I have no interest in Flew's past, so I skipped to start at Chapter 4 where he laid the cards on the table. He saw three important scientific spotlights that point to God:
The first is the fact that nature obeys laws. The second is the dimension of life, of intelligently organized and purpose-driven beings, which arose from matter. The third is the very existence of nature.
I don't claim myself to be a philosopher, but I do understand that philosopher thinks deep and looks at things from multiple view points to try to draw a reasoned conclusion. However, with the cards laid as such, I saw an immediate problem.
Let me just deal with the first "card" in this post.
Laws, in this case, refers to the physical laws, e.g. theory of relativity, energy and mass conservation and so on. We must understand that these "laws" represent our human collective understanding of the Universe around us. Nobody writes the laws and then get nature to "fit into the laws". Human observes, from the chaos around us, we apply reasoning and logic, to explain repetitive occurrences of events. There are events which cannot be verifiably repeated and such events do not fall into the science realm. As such, no wonder nature obeys laws BECAUSE the laws are the ways we describe the nature.

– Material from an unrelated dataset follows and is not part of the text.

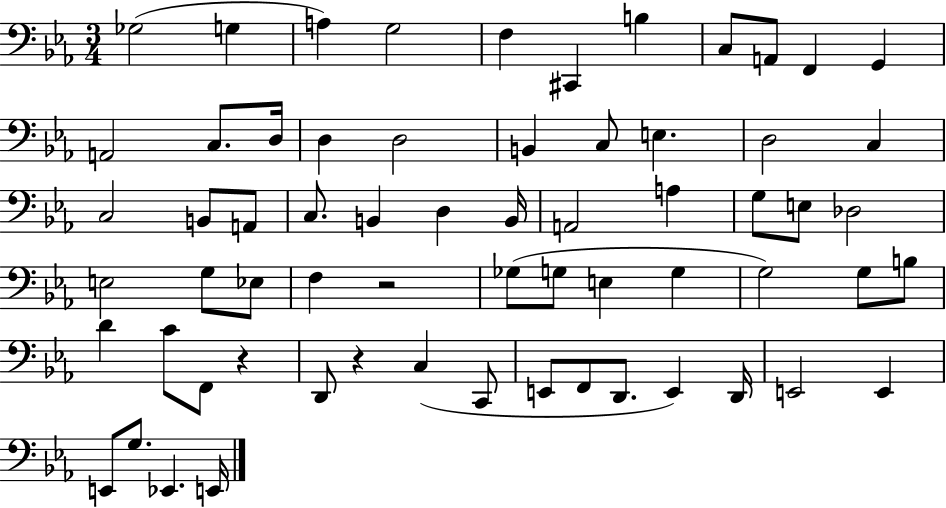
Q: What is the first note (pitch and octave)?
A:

In Chapter 5, Flew continued his flawed argument asking the question who wrote the laws.
Yes, many physical laws are beautifully symmetric when expressed in the mathematical equations, sometime is also simple beyond belief. However, mathematical formulae are shorthands. For the uninitiated, each of the symbols in the formulae can take books just to explain. For the physicists and mathematicians, the symmetry expresses the "regularity" or the consistencies of repetitive events. The simplicity on the other hand reflects the deep levels of abstraction the mathematics as a tool has. Combined, that represents the expressiveness of the tools we human used to describe the regularity of the Universe.
Taking the hint from Flew, a more philosophically worthwhile question may be "why nature exhibits consistency and hence we can observe and create laws to explain/predict similar events". But asking the "why" question is dumb, as explained by Richard Dawkins. Purpose, as the question behind the why questions, is a human mind construct. We constantly need to simplify all the chaotic happenings around us and our minds organise them into causal relationships, evolutionarily that help us prepare to respond to potentially deadly events.
I'll respond to the next two "cards" after I read the corresponding chapters.